Num comunicado conjunto, Ursula von der Leyen, presidente da Comissão Europeia, e Josep Borrell, alto representante para a Política Externa e Segurança da UE, informaram que “tomaram nota” sobre os acórdãos do TJUE e que o executivo comunitário a está a “analisar” o seu conteúdo “ao pormenor”. Mas reforçaram a cooperação “estreita” com Marrocos.

“A UE reitera o elevado valor que atribui à sua parceria estratégica com Marrocos, que é de longa data, alargada e profunda. Ao longo dos anos, estabelecemos uma profunda amizade e uma cooperação sólida e multifacetada, que tencionamos levar ao próximo nível nas próximas semanas e meses”, lê-se no comunicado. “A UE tem a intenção firme de preservar e continuar a reforçar as relações estreitas com Marrocos em todos os domínios da parceria Marrocos-UE”.

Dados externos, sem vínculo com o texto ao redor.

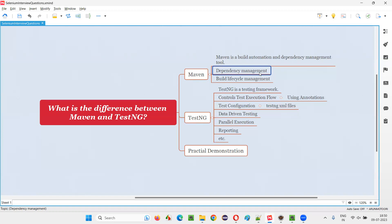But coming to automation, we generally use Maven projects instead of normal Java projects. In Maven, when you create a Maven project, by default it will come with a file known as pom.xml. In that, there will be a section known as the dependencies section, where you simply add the dependency tags of whatever libraries you want to add. Automatically, when you save the project, these dependency tag related libraries will be downloaded and configured in your project. You don't have to do much.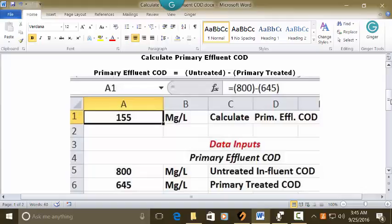In the address bar, you can type this address: equal sign, open parenthesis, 800, close parenthesis, minus sign, open parenthesis, 645, close parenthesis, and then press Enter. In cell A1 will be your answer: 155 mg per liter, based on this data.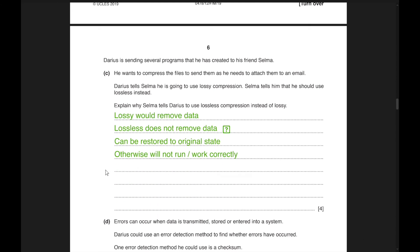Moving to the C subdivision: Darius is sending programs to his friend Selma and wants to compress the files to attach them to an email. He plans to use lossy compression, but Selma tells him he should use lossless instead. Lossy compression removes data, which is not desirable for programs. In lossless compression, data can be restored to its original state, so it will run correctly.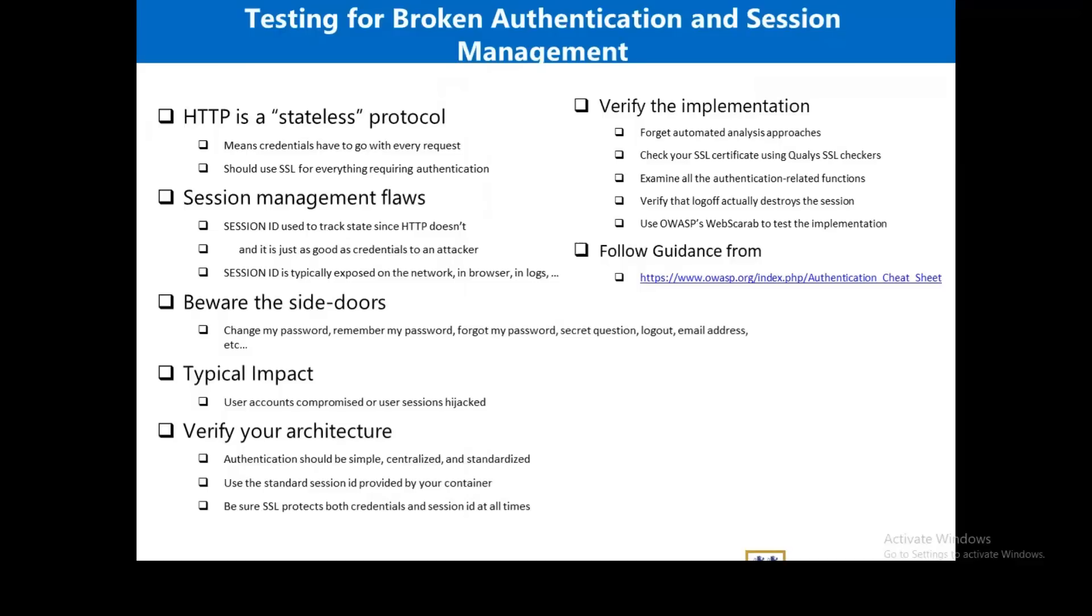As we all know, HTTP is a stateless protocol, so that means credentials have to go with every request. So should you use SSL for everything requiring authentication?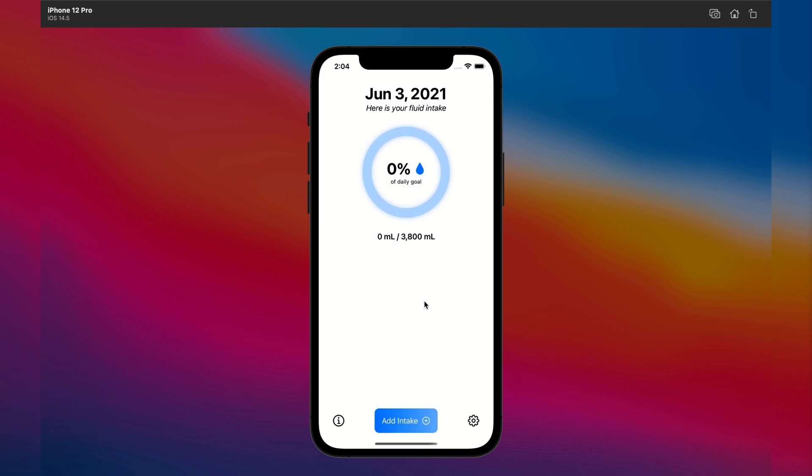In our version of the app, when logging is done, the listings disappear and the data is saved to the Health app. But you can implement health integration any way you like.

“O conteúdo desta decisão contém erros jurídicos óbvios e erros factuais suspeitos”, afirmou, por sua vez, o Ministério dos Negócios Estrangeiros marroquino, também em comunicado.

Ocupação

Localizada a sul de Marrocos, entre o oceano Atlântico, o deserto do Sara e a Mauritânia, numa zona estrategicamente importante para a actividade comercial com os países africanos da região, a antiga colónia espanhola foi ocupada por Marrocos em 1975, antes do Governo de Espanha a declarar um país independente.

Um ano depois, apoiado pela Argélia, o movimento independentista Frente Polisário declarou a República Árabe Sarauí Democrática (RASD) e entrou em conflito com as forças marroquinas. Em 1991 as Nações Unidas mediaram um cessar-fogo e os sarauís – muitos deles em campos de refugiados na Argélia – aguardam, desde essa altura, que o Governo marroquino permita a realização de um referendo à autodeterminação da população do Sara Ocidental.

Marrocos trata, no entanto, o Sara Ocidental como parte integrante do país, e ocupa, actualmente, cerca de 80% de um território amplamente desértico, mas rico em fosfato e com consideráveis reservas piscatórias.

Muitas vezes referido como a “última colónia em África”, o Sara Ocidental é alvo de muitas comparações com Timor-Leste, o antigo território colonial português no Sudeste Asiático que foi anexado pela Indonésia em 1976 e que viria a alcançar a independência definitiva em 2002.

A decisão do TJUE é a última de uma série de queixas e de recursos apresentados pela Frente Polisário e pela Comissão Europeia relativos aos acordos comerciais celebrados em 2019 entre Bruxelas e Marrocos.

Em declarações à Reuters, Oubi Bouchraya, representante da Frente Polisário no Gabinete da ONU em Genebra (Suíça), celebrou a tomada de posição do tribunal como “uma vitória histórica para o povo sarauí”, que “confirma as infracções da UE e de Marrocos e a soberania permanente do povo sarauí sobre os seus recursos naturais”.

Na mesma linha, Abdula Arabi, representante do movimento independentista sarauí em Espanha, disse à Europa Press que o Sara Ocidental deve ser tratado como um “território distinto” de Marrocos e que quem não o fizer está a “reconhecer a ocupação” marroquina. Nesse sentido, afirmou, a decisão do TJUE sobre os acordos UE-Marrocos deve ser entendida como um “triunfo da resistência”.